The court wishes to retract nothing of its appreciation for defendants’ affirmative contributions. At the same time, there can be no question of the “necessity,” in any realistic and apposite sense, served by plaintiffs in their bringing and vigorous prosecution of the action. It is perfectly clear that the “complianee” achieved in this ease would not have happened, certainly not as early or as thoroughly as it has, without the initial and continued impact of plaintiffs’ action.

There is an argument by defendants that an Appellate Division rule governing legal services organizations including the Puerto Rican Legal Defense & Education Fund, Inc., “does not authorize” this Fund’s receipt of any “fee or compensation,” and that this should preclude the award plaintiffs seek unless “specifically provided in the order of the Appellate Division.”3 It ought to be enough to mention comity, let alone the Supremacy Clause; defendants can scarcely mean that the federal court, administering federal law, must seek a state court order before granting an application like the one here presented. See Jordan v. Fusari, 496 F.2d 646, 649 n. 3 (2d Cir. 1974).4

The court concludes, in sum, that the application for attorneys’ fees should— probably must—be granted. If the matter lay in substantially unfettered discretion, the balancing of factors—the degree and length of defendants’ resistance, the character of the obstacles plaintiffs met, the magnitude of plaintiffs’ contribution to the good of the class they represented and of the public at large—would lead to this conclusion. But the leeway for decision is narrower; the governing statute requires the giving of “ ‘an attorney’s fee unless special circumstances would render such an award unjust.' ” Northcross v. Memphis Board of Education, supra, 412 U.S. at 428, 93 S.Ct. at 2202, quoting and holding applicable under § 718 the principle stated in Newman v. Piggie Park Enterprises, Inc., 390 U.S. 400, 402, 88 S.Ct. *545964, 19 L.Ed.2d 1263 (1968). There are no countervailing circumstances of that nature.

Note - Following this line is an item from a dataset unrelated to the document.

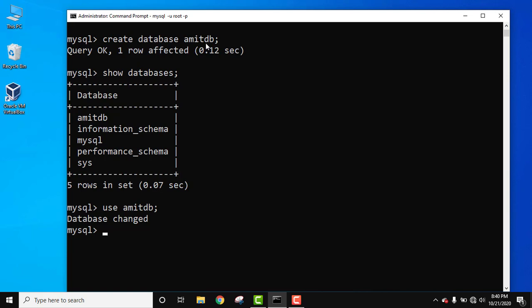To verify that we created the database, we use the show databases command again. After pressing semicolon and enter, you can see on the top our database successfully created.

The parties should seek with dispatch to agree upon the amount to be awarded to plaintiffs. If there is such agreement, it should be embodied in an order for the court’s signature, reserving, of course, any right defendants may have to press on appeal the view that there should be no award at all. If there is no agreement on the amount, plaintiffs will submit a documented claim on or before January 29, 1975, to which defendants will respond on or before February 10, 1975.

. With the parties’ consent the court has appointed a Special Master, Morris P. Glushien, Esq., who has undertaken, as an unpaid public service, to mediate where possible, and propose determinations when necessary, in the handling of ongoing questions the decree was known to portend. The court is aware informally that the parties and the Master have found themselves engaged already in substantial efforts of this nature.

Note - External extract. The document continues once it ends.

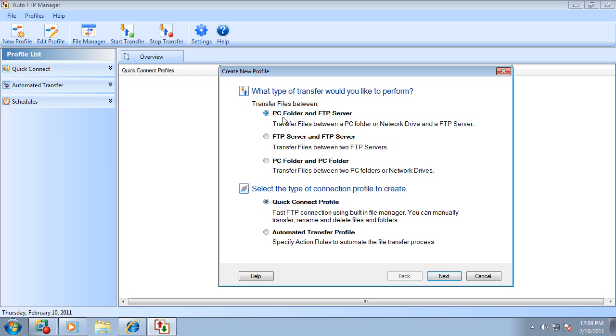Here, you can choose between PC folder and FTP account, or between two FTP accounts, or between two PC folders.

. Complaint, pars. 10 and 11.

. Rules of Practice of the Appellate Division, First Department, N.Y. Court Rules, § 608.7 (b) (McKinney’s 1973).

. Of course, this court takes no position as to what the Fund may or must do to stay in compliance with the rules of the Appellate Division. It is merely our duty to adjudicate on a prayer for relief that has been in the case from the very beginning. In ruling the question under the applicable federal law, this court must assume that the courts of New York State would not do otherwise.